Indeed, we are most likely to reach for our mobile devices in our in-between moments – while waiting, commuting or taking a break.
Remove the technology from the equation and ask yourself how often you have clicked a pen, fidgeted with scrapes of paper, doodled, read a newspaper or magazine, or daydreamed before the arrival of cellphones, and suddenly those numbers are not quite as ominous.
Our phones provide a greater range of on-demand entertainment and communication opportunities than previous public diversions. Research shows that instead of making us more isolated in public space, mobile devices actually make us more likely to linger and socialize.
Our phones are a valuable resource for facilitating conversation and are more likely to function as a social stimulator than as an escape from those around you.
Let’s take commuting, as an example. Posted “codes of conduct” and respect for privacy have long made plane, train and bus trips solitary and isolating experiences. But, recently, I conducted a study of mass transit riders and discovered that their commute had become a key moment for socializing via their mobile devices. Over 70% of the commuters surveyed reported using their smartphones to check in with friends and family via text message and social media platforms.
In other words, mobile devices transform the commute into a much-needed opportunity for social connection and creativity, thanks to digital tool kits like GIF databases, emoji keyboards, Snapchat filters, sharable content and even discreet flirtation apps designed to digitally catch the eye of a fellow rider.

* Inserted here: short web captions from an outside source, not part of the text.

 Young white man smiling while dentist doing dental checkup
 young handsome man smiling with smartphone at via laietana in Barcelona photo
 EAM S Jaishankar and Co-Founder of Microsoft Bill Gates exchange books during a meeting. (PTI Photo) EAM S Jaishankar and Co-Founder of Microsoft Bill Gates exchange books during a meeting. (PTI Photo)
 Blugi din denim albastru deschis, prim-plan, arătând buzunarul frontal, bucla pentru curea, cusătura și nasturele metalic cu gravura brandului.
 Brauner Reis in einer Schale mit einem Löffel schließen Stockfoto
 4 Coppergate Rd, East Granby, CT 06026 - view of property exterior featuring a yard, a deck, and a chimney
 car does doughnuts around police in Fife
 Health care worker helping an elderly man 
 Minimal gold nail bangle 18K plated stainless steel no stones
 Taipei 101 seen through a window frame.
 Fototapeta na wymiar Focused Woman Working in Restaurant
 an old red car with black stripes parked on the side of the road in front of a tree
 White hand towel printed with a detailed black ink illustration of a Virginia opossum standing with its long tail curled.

In addition to the commute, I studied mobile device use at the workplace and found that co-workers enjoyed on-demand streaming platforms and YouTube “media snacks” in ways that were more meaningful and customizable than the breakroom television. Employees took their breaks together without concern for the broadcast schedule.

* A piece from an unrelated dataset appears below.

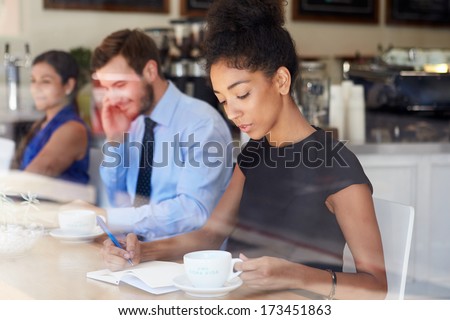 Businesswoman Writing Notes In Coffee Shop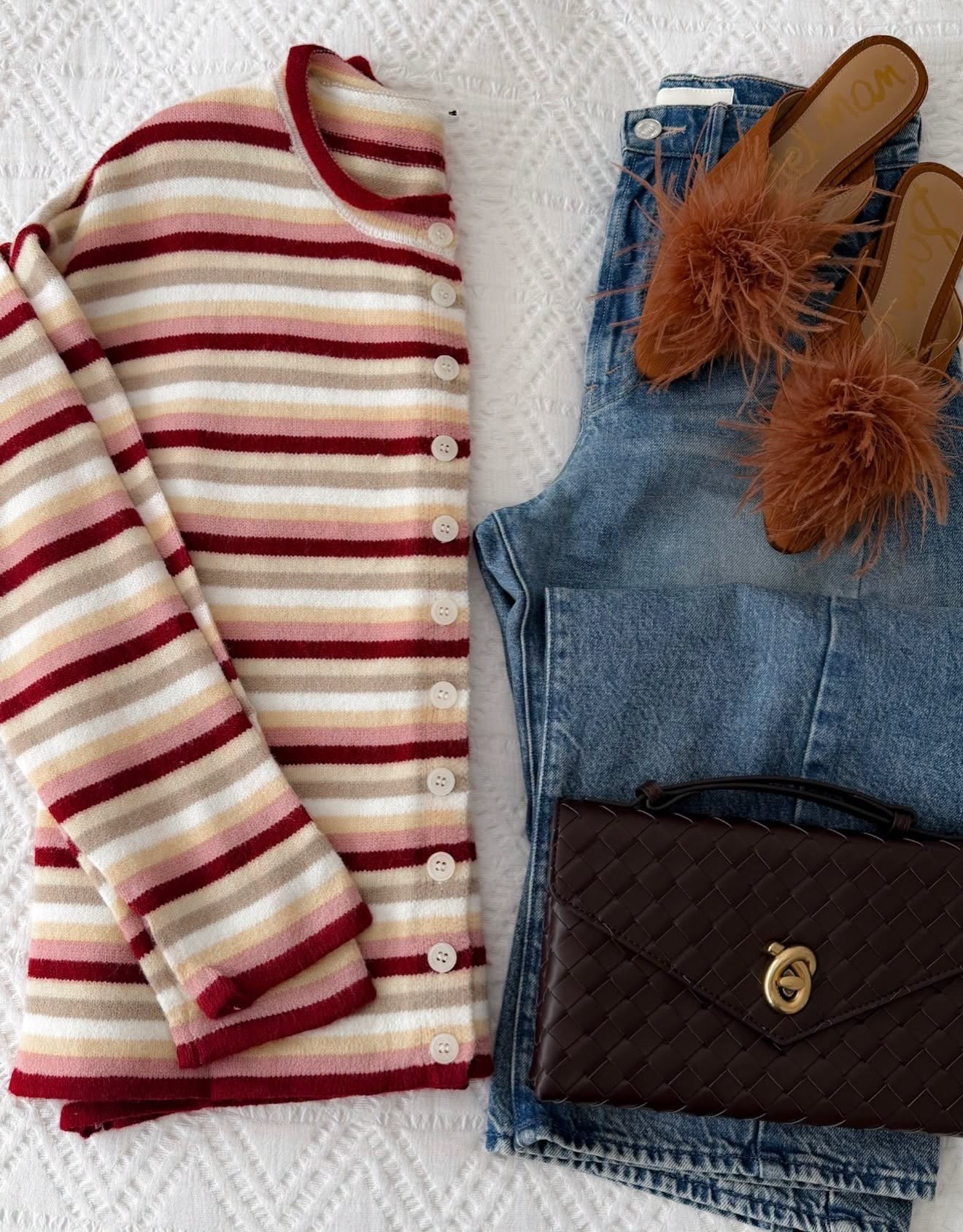 This striped cardigan is such a fun way to bring more color into a fall outfit. I love the mix of red, blush and cream with classic denim, then the feathered mules and chocolate woven bag make the whole look feel a little more special.

striped cardigan, fall cardigan, denim outfit, feather mules, fall shoes, chocolate brown bag, colorful fall outfit, casual fall style, women’s fashion, fall accessories, annabrstyle

#LTKootd #LTKSeasonal #LTKOver40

Instead, they gathered together around a mobile phone and accessed on-demand content that they all enjoyed as a reward for completing a task.
And employees also used their mobile devices as a quick reference tool when they were discussing popular culture around the watercooler. Out-of-the-loop colleagues were able to join the conversation thanks to a text-messaged link that provided an example of the topic under discussion.

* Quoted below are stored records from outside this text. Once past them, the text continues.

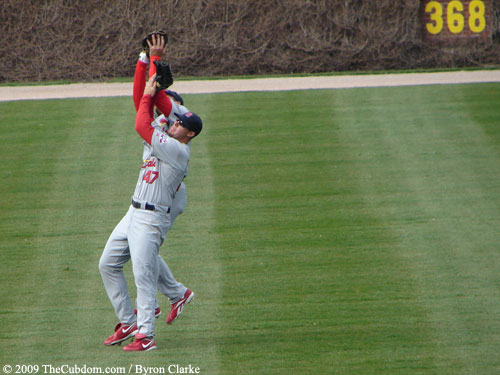 Skip Schumaker and Chris Duncan collide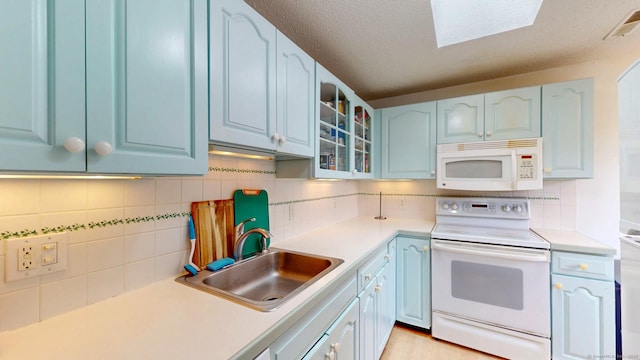 500 Prospect St Apt 4B, New Haven, CT 06511 - kitchen featuring white appliances, a sink, blue cabinetry, tasteful backsplash, and a textured ceiling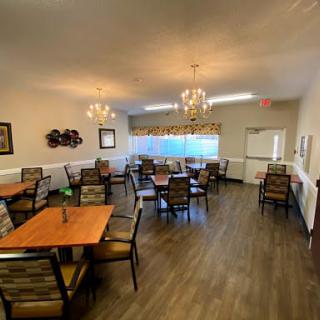 A cozy dining room with multiple tables and chairs, adorned with chandeliers and a wooden floor.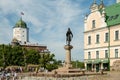 Historical square of city with view of medieval defensive fortress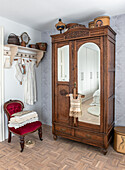 Antique wooden wardrobe with mirrors and vintage-style coat hook rail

Like the commute and the break room, waiting rooms are public spaces that mobile phones have transformed. Waiting rooms have long been a reminder of social hierarchies, as those with money and power rarely wait. The rest of us can assert the value of our time through the use of mobile games. Mobile games (or casual games) are simplistic, consisting of repetitive actions performed over time in small increments without end. People can earn incredible scores, achievements, and even virtual cities in their downtime
Communities have developed that celebrate the achievements within mobile games, and special rewards are given for the creativity they display. In these communities, the games become the shared culture that bring people together and keep them socializing online for years.
But the benefits of mobile devices extend far beyond commutes, offices and waiting areas – they apply to living rooms, too.
Typically, the person who controlled the remote dictated the evening’s entertainment. Mobile screens provide options for those who are forbidden from touching the remote and may just keep the family all in the same room. Mobile devices also multiply the entertainment options and even offer mobile apps that act as competing remotes to stealthily change the channel at commercial breaks.
Mobile phone users are not the only ones capitalizing on these in-between moments, though.
Technology companies and entertainment studios have created a “procrastination economy” designed to monetize this downtime. I developed this term to describe the mobile apps, streaming video content and software designs that target consumer’s in-between moments spent on mobile devices.
We need to pay attention to the design of algorithms, subscriptions services and micropayment structures that attempt to channel our mobile device use into transactions, because mobile devices have made our in-between moments as valuable to brands and advertisers as they have to harried multitaskers.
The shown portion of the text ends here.